-- Data to use follows --
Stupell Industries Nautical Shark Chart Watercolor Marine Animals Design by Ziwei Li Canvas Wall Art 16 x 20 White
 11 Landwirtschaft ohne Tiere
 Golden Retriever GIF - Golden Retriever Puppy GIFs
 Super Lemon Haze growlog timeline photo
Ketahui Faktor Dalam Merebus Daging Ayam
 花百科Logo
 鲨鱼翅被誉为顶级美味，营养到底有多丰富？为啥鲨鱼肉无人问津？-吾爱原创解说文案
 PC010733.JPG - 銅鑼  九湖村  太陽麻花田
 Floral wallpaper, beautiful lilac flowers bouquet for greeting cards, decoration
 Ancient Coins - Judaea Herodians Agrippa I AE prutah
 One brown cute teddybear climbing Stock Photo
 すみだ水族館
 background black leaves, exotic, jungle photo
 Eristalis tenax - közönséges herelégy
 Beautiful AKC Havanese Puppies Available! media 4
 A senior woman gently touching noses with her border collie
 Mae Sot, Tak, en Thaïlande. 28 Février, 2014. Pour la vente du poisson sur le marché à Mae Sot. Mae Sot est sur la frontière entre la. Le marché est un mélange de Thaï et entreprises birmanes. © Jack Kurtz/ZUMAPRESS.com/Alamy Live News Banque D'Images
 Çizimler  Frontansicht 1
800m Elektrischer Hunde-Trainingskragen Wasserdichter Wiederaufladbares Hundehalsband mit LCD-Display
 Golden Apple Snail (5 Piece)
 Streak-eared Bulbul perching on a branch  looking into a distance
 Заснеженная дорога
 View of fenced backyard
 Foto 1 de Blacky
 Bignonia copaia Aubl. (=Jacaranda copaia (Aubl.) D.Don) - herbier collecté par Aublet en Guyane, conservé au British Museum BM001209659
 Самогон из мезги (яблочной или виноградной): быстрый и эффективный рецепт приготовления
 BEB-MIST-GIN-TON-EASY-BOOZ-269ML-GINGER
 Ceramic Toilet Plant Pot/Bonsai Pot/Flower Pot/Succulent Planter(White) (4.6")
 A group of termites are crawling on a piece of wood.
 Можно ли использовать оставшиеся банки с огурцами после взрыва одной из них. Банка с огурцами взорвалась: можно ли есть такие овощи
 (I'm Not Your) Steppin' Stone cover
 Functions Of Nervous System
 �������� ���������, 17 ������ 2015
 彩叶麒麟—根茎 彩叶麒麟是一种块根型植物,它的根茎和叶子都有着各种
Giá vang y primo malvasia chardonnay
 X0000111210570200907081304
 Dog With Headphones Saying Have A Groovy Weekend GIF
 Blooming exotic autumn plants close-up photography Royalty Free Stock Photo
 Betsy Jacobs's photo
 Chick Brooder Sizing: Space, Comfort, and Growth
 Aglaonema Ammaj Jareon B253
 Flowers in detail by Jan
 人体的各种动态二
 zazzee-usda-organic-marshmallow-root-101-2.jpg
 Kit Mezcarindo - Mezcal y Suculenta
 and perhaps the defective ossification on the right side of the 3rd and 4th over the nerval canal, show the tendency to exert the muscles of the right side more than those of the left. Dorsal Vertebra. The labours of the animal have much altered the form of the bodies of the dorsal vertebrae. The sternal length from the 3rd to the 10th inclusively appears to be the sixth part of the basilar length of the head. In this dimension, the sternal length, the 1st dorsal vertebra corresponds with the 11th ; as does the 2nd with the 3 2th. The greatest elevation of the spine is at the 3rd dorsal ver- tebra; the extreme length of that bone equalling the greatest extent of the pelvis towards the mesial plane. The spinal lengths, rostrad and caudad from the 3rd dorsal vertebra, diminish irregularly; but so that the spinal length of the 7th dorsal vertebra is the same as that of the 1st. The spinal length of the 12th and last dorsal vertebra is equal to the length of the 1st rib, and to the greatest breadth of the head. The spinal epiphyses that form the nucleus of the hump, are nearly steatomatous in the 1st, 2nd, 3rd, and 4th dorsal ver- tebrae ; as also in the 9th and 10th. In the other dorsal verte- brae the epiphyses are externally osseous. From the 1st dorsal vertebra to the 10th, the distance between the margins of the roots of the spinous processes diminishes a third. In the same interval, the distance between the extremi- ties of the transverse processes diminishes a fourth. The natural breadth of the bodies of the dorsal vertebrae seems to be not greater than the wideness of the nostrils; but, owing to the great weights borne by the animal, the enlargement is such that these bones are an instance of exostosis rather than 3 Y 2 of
-- Data to use concluded --
The records need to be set down again without a single difference.

Stupell Industries Nautical Shark Chart Watercolor Marine Animals Design by Ziwei Li Canvas Wall Art 16 x 20 White
 11 Landwirtschaft ohne Tiere
 Golden Retriever GIF - Golden Retriever Puppy GIFs
 Super Lemon Haze growlog timeline photo
Ketahui Faktor Dalam Merebus Daging Ayam
 花百科Logo
 鲨鱼翅被誉为顶级美味，营养到底有多丰富？为啥鲨鱼肉无人问津？-吾爱原创解说文案
 PC010733.JPG - 銅鑼  九湖村  太陽麻花田
 Floral wallpaper, beautiful lilac flowers bouquet for greeting cards, decoration
 Ancient Coins - Judaea Herodians Agrippa I AE prutah
 One brown cute teddybear climbing Stock Photo
 すみだ水族館
 background black leaves, exotic, jungle photo
 Eristalis tenax - közönséges herelégy
 Beautiful AKC Havanese Puppies Available! media 4
 A senior woman gently touching noses with her border collie
 Mae Sot, Tak, en Thaïlande. 28 Février, 2014. Pour la vente du poisson sur le marché à Mae Sot. Mae Sot est sur la frontière entre la. Le marché est un mélange de Thaï et entreprises birmanes. © Jack Kurtz/ZUMAPRESS.com/Alamy Live News Banque D'Images
 Çizimler  Frontansicht 1
800m Elektrischer Hunde-Trainingskragen Wasserdichter Wiederaufladbares Hundehalsband mit LCD-Display
 Golden Apple Snail (5 Piece)
 Streak-eared Bulbul perching on a branch  looking into a distance
 Заснеженная дорога
 View of fenced backyard
 Foto 1 de Blacky
 Bignonia copaia Aubl. (=Jacaranda copaia (Aubl.) D.Don) - herbier collecté par Aublet en Guyane, conservé au British Museum BM001209659
 Самогон из мезги (яблочной или виноградной): быстрый и эффективный рецепт приготовления
 BEB-MIST-GIN-TON-EASY-BOOZ-269ML-GINGER
 Ceramic Toilet Plant Pot/Bonsai Pot/Flower Pot/Succulent Planter(White) (4.6")
 A group of termites are crawling on a piece of wood.
 Можно ли использовать оставшиеся банки с огурцами после взрыва одной из них. Банка с огурцами взорвалась: можно ли есть такие овощи
 (I'm Not Your) Steppin' Stone cover
 Functions Of Nervous System
 �������� ���������, 17 ������ 2015
 彩叶麒麟—根茎 彩叶麒麟是一种块根型植物,它的根茎和叶子都有着各种
Giá vang y primo malvasia chardonnay
 X0000111210570200907081304
 Dog With Headphones Saying Have A Groovy Weekend GIF
 Blooming exotic autumn plants close-up photography Royalty Free Stock Photo
 Betsy Jacobs's photo
 Chick Brooder Sizing: Space, Comfort, and Growth
 Aglaonema Ammaj Jareon B253
 Flowers in detail by Jan
 人体的各种动态二
 zazzee-usda-organic-marshmallow-root-101-2.jpg
 Kit Mezcarindo - Mezcal y Suculenta
 and perhaps the defective ossification on the right side of the 3rd and 4th over the nerval canal, show the tendency to exert the muscles of the right side more than those of the left. Dorsal Vertebra. The labours of the animal have much altered the form of the bodies of the dorsal vertebrae. The sternal length from the 3rd to the 10th inclusively appears to be the sixth part of the basilar length of the head. In this dimension, the sternal length, the 1st dorsal vertebra corresponds with the 11th ; as does the 2nd with the 3 2th. The greatest elevation of the spine is at the 3rd dorsal ver- tebra; the extreme length of that bone equalling the greatest extent of the pelvis towards the mesial plane. The spinal lengths, rostrad and caudad from the 3rd dorsal vertebra, diminish irregularly; but so that the spinal length of the 7th dorsal vertebra is the same as that of the 1st. The spinal length of the 12th and last dorsal vertebra is equal to the length of the 1st rib, and to the greatest breadth of the head. The spinal epiphyses that form the nucleus of the hump, are nearly steatomatous in the 1st, 2nd, 3rd, and 4th dorsal ver- tebrae ; as also in the 9th and 10th. In the other dorsal verte- brae the epiphyses are externally osseous. From the 1st dorsal vertebra to the 10th, the distance between the margins of the roots of the spinous processes diminishes a third. In the same interval, the distance between the extremi- ties of the transverse processes diminishes a fourth. The natural breadth of the bodies of the dorsal vertebrae seems to be not greater than the wideness of the nostrils; but, owing to the great weights borne by the animal, the enlargement is such that these bones are an instance of exostosis rather than 3 Y 2 of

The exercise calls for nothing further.